Buying Stocks vs. Calls, Which is better?
You’ve been in this situation before: you’re bullish on a stock, but can’t decide if makes more sense to buy the call or just purchase shares. Many traders wrestle with this, and for good reason.
On the surface, buying the call will always seem like the smarter trade. For starters, it’s significantly cheaper than buying 100 shares of stock. If you’re right and the stock goes on a run, you’ll earn a higher return; and if you’re wrong, your downside risk is capped. Sounds like a no-brainer, right? Always buy the call!
But not so fast. What if the spread between the bid and ask on the call is too large? What if the option has poor liquidity, or if its implied volatility is too rich? If any of these are true, then buying stock may be the smarter trade.
For context, let’s look at Dr. Pepper Snapple Group (DPS). It’s a very strong stock that’s had a great rally in this bull market. Let’s break down our choices for making a bullish trade:
- Buying 100 shares (currently trading at $69) would cost roughly $6,900.
- Buying an at-the-money December 65 call that expires in 45 days costs only $560. That’s less than 10% of the shares.
When analyzing stock purchases, the risk and reward is straightforward: for every dollar the stock goes up, I make $100, and I lose $100 for every dollar it goes down.
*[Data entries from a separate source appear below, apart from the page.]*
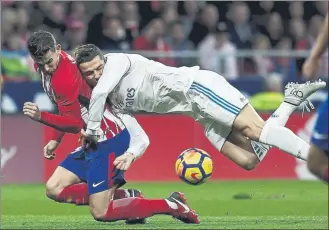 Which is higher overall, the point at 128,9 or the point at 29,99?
the point at 128,9

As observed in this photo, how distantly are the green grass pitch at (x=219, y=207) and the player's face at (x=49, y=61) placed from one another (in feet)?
4.78

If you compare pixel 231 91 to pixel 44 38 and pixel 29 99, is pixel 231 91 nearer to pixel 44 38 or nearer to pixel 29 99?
pixel 44 38

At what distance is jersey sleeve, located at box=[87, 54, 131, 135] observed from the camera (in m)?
9.21

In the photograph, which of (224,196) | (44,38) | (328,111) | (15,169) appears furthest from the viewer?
Answer: (15,169)

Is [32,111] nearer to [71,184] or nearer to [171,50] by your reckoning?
[71,184]

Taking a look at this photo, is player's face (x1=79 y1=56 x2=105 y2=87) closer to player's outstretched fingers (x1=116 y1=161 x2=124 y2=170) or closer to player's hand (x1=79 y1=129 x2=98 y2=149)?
player's hand (x1=79 y1=129 x2=98 y2=149)

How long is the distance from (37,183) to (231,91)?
7.32 meters

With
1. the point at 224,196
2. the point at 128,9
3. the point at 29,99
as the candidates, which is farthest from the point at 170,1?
the point at 224,196

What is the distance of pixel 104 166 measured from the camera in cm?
963

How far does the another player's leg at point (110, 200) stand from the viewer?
31.4ft

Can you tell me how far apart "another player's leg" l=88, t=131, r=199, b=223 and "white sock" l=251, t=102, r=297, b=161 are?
1.06 metres

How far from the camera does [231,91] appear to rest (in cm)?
991

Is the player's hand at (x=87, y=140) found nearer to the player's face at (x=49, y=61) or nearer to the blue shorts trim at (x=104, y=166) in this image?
the blue shorts trim at (x=104, y=166)

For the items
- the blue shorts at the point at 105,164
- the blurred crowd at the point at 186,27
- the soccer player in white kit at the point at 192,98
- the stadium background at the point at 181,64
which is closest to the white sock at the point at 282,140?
the soccer player in white kit at the point at 192,98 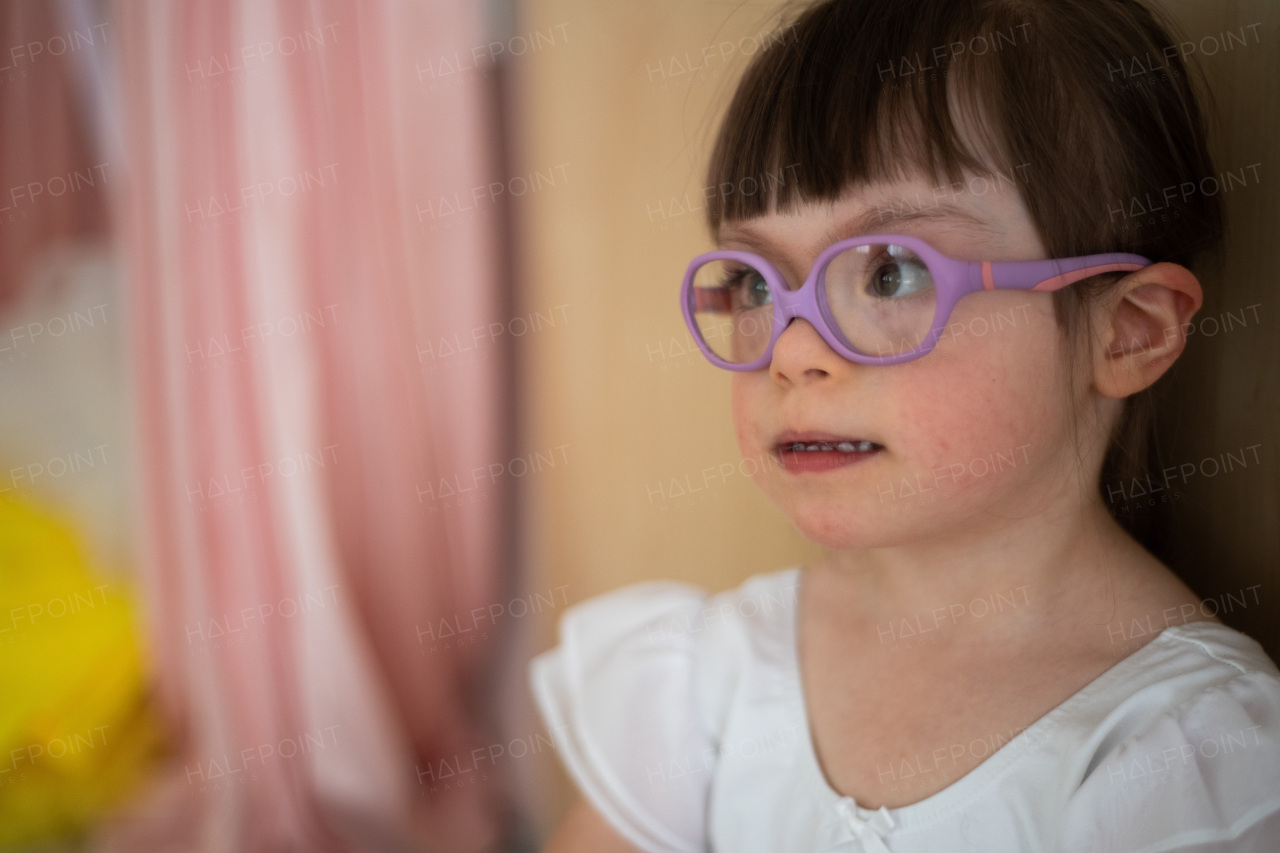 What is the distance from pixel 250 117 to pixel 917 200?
0.69 m

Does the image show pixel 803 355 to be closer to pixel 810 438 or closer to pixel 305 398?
pixel 810 438

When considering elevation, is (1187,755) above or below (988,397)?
below

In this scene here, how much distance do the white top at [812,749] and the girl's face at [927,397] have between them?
0.15m

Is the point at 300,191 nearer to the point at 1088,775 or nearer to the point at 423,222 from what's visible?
the point at 423,222

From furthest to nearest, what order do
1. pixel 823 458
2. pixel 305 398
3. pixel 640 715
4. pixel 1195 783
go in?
pixel 305 398
pixel 640 715
pixel 823 458
pixel 1195 783

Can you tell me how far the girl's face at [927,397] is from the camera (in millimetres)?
530

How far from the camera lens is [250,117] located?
89 cm

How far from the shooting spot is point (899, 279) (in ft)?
1.77

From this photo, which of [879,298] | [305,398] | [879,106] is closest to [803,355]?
[879,298]

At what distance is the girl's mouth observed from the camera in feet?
1.85

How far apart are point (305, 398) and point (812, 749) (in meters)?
0.59

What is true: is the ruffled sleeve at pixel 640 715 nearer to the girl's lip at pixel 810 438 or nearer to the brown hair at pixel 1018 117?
the girl's lip at pixel 810 438

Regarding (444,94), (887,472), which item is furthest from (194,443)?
(887,472)

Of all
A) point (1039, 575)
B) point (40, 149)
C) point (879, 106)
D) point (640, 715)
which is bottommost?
point (640, 715) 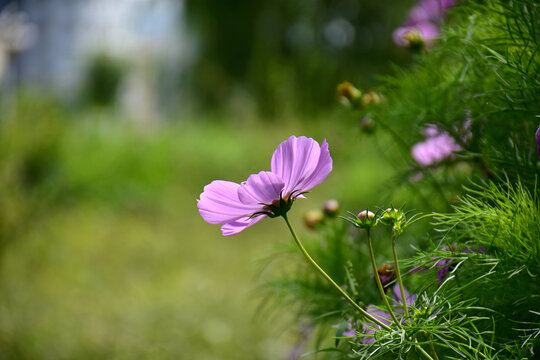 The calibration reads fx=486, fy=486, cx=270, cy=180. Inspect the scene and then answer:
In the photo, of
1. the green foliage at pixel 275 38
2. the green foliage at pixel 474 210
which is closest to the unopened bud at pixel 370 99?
the green foliage at pixel 474 210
Analyzing the call is a different story. Buying the call gives me unlimited upside potential and limited downside protection. But my breakeven price and time are factors now. In the case of the DPS 65 call, the stock has to move past $65, plus the premium I paid for the call within 45 days for the trade to be profitable. There is no easy way to quickly determine if the risk/reward in that case is worth it.
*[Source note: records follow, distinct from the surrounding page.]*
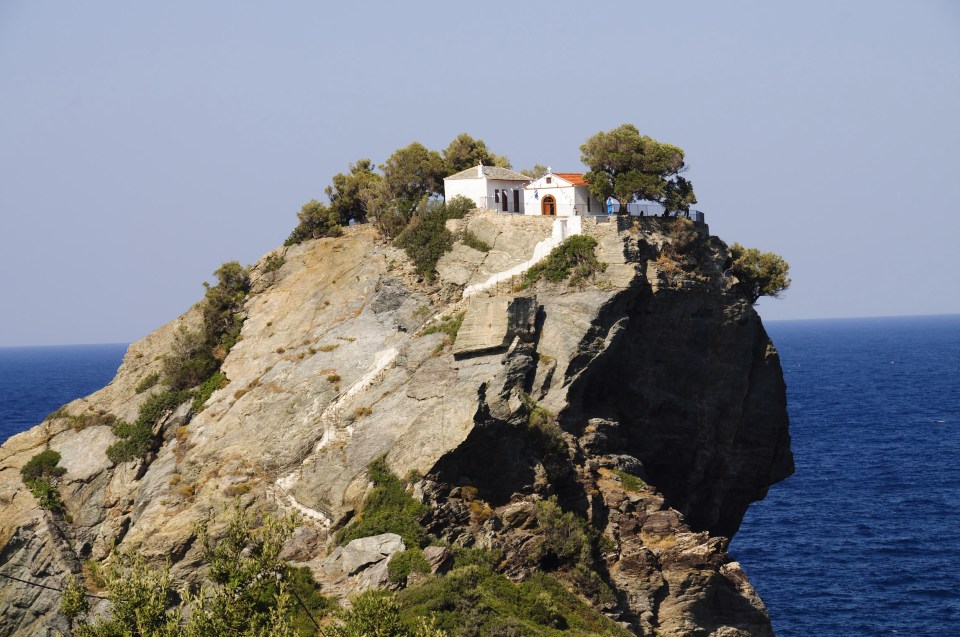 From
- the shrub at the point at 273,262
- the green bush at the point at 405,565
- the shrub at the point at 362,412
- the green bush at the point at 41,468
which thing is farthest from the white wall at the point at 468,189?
the green bush at the point at 405,565

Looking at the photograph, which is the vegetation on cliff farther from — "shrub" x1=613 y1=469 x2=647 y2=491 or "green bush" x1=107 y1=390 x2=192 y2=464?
"shrub" x1=613 y1=469 x2=647 y2=491

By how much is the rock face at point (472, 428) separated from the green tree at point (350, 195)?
6.05 meters

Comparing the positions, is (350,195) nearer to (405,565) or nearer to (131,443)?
(131,443)

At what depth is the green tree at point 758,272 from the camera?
7369cm

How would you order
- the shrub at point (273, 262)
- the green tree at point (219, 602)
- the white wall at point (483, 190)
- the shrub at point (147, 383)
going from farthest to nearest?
the shrub at point (273, 262) → the white wall at point (483, 190) → the shrub at point (147, 383) → the green tree at point (219, 602)

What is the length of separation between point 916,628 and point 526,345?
96.4 ft

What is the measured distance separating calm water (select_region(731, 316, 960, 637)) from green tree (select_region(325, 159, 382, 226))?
36604 mm

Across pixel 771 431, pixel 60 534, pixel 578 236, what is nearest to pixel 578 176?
pixel 578 236

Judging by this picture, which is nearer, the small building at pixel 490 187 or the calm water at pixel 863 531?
the calm water at pixel 863 531

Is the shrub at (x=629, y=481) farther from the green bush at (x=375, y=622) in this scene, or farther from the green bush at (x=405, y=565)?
the green bush at (x=375, y=622)

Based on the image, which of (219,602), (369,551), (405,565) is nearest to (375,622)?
(219,602)

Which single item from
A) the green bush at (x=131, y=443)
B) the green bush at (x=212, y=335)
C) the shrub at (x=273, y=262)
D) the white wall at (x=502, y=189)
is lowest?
the green bush at (x=131, y=443)

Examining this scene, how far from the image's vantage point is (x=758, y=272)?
7412 cm

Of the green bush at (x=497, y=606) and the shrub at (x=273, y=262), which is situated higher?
the shrub at (x=273, y=262) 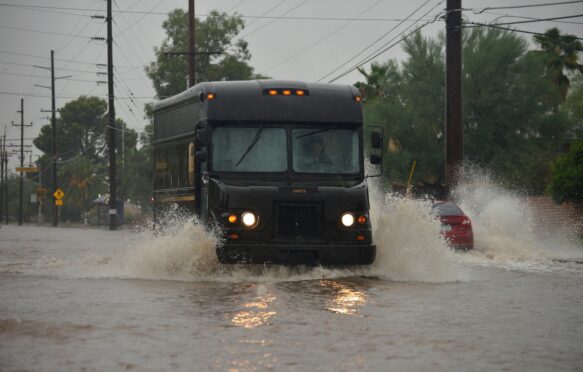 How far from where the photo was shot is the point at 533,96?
4462 centimetres

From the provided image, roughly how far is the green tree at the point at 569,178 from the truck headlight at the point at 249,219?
16353 millimetres

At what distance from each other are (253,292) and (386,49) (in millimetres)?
23306

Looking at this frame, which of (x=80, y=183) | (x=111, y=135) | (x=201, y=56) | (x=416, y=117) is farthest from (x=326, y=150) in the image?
(x=80, y=183)

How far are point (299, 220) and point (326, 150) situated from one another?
1369 mm

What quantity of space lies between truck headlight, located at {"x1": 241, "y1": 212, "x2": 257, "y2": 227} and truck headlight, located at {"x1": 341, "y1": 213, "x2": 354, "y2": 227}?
4.45 feet

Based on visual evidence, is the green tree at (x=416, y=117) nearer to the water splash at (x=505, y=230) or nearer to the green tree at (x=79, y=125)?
the water splash at (x=505, y=230)

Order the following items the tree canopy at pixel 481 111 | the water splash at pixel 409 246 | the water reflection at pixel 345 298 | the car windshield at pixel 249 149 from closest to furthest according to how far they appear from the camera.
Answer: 1. the water reflection at pixel 345 298
2. the car windshield at pixel 249 149
3. the water splash at pixel 409 246
4. the tree canopy at pixel 481 111

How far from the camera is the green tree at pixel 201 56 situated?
268 ft

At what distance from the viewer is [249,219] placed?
15.1 m

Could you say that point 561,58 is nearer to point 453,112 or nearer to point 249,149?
point 453,112

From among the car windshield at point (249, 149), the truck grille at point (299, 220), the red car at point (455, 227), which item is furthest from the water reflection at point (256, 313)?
the red car at point (455, 227)

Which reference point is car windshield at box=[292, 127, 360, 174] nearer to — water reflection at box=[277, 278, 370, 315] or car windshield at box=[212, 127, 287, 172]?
car windshield at box=[212, 127, 287, 172]

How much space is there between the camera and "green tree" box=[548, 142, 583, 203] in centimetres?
2903

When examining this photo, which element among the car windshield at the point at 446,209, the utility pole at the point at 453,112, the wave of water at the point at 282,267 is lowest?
the wave of water at the point at 282,267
That’s why we created the OptionsPlay Score. This score is a probability-weighted risk/reward ratio that lets you determine whether or not a trade is worth making. We factor in the upside, downside, and the probability of profit for each scenario. The higher the score, the more favorable the ratio. You could think of it as a common denominator between different trading strategies that lets you compare and evaluate each one fairly.
My favorite part about the OptionsPlay Score is when it warns me not to make the options trade. The reality of options trading is that many times, the options just don’t make sense. When I was evaluating DPS months ago, the OptionsPlay Score was lower for the call option than the stock. As you can see, I’m glad I took the advice.